═══ Dataset section ═══
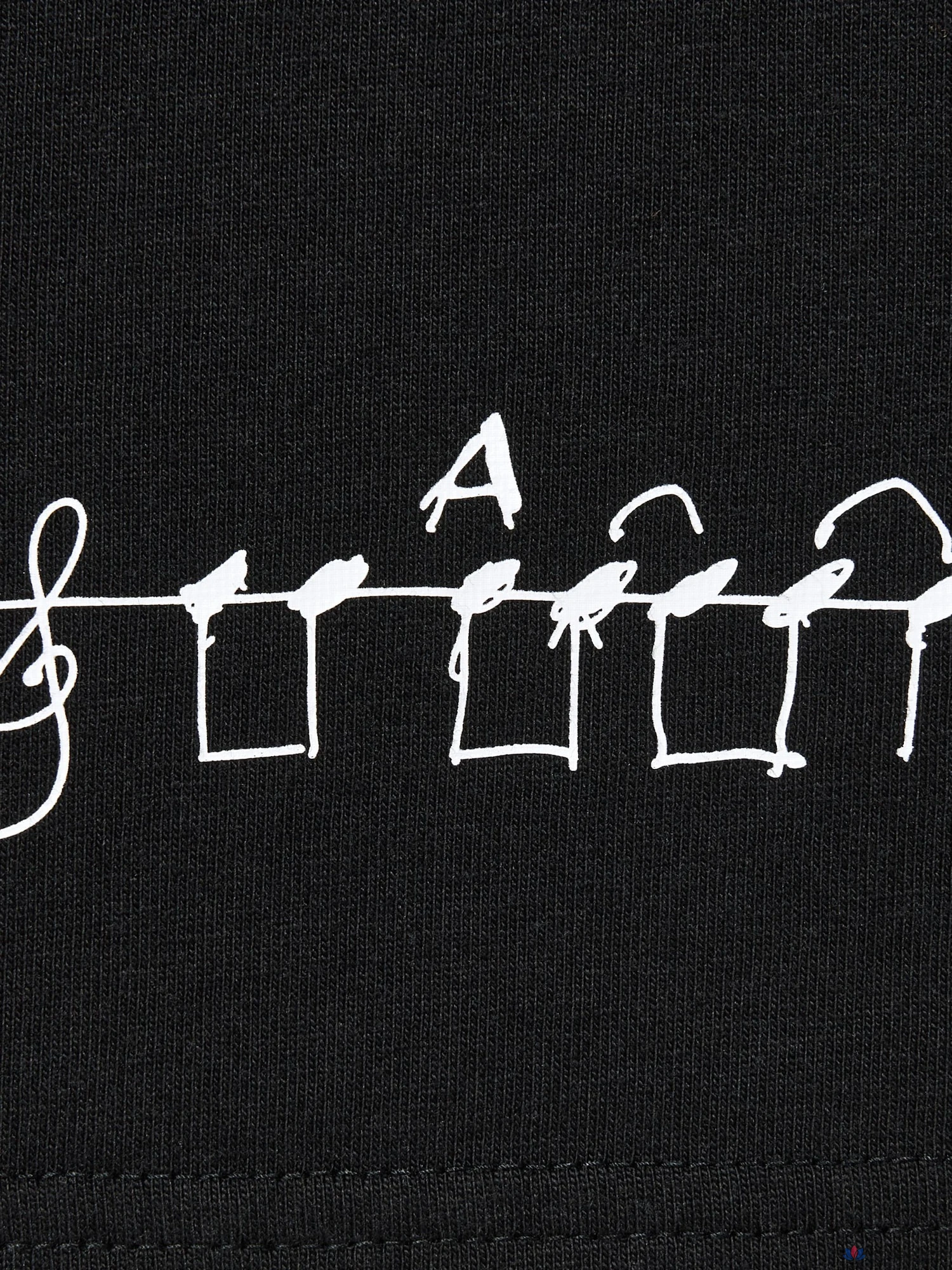 Футболка Uniqlo PEACE FOR ALL Graphic T-Shirt Regular Fit H&amp;deM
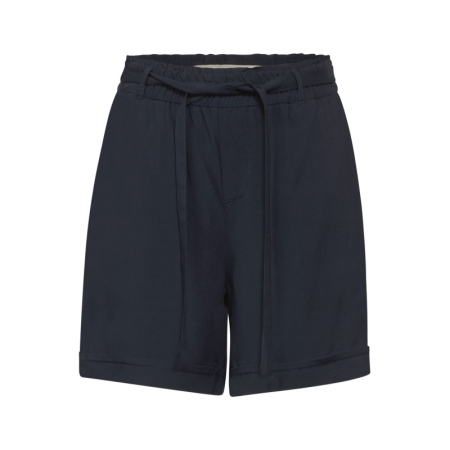 11238 deep blue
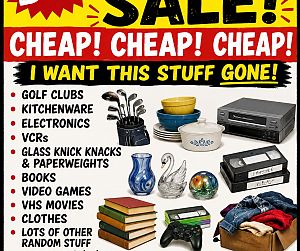Sale Gallery Photo Thumbnail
═══
Instructions to follow »
Could you return the whole listing exactly, with every picture removed?

Answer for the task »
 Футболка Uniqlo PEACE FOR ALL Graphic T-Shirt Regular Fit H&amp;deM
 11238 deep blue
Sale Gallery Photo Thumbnail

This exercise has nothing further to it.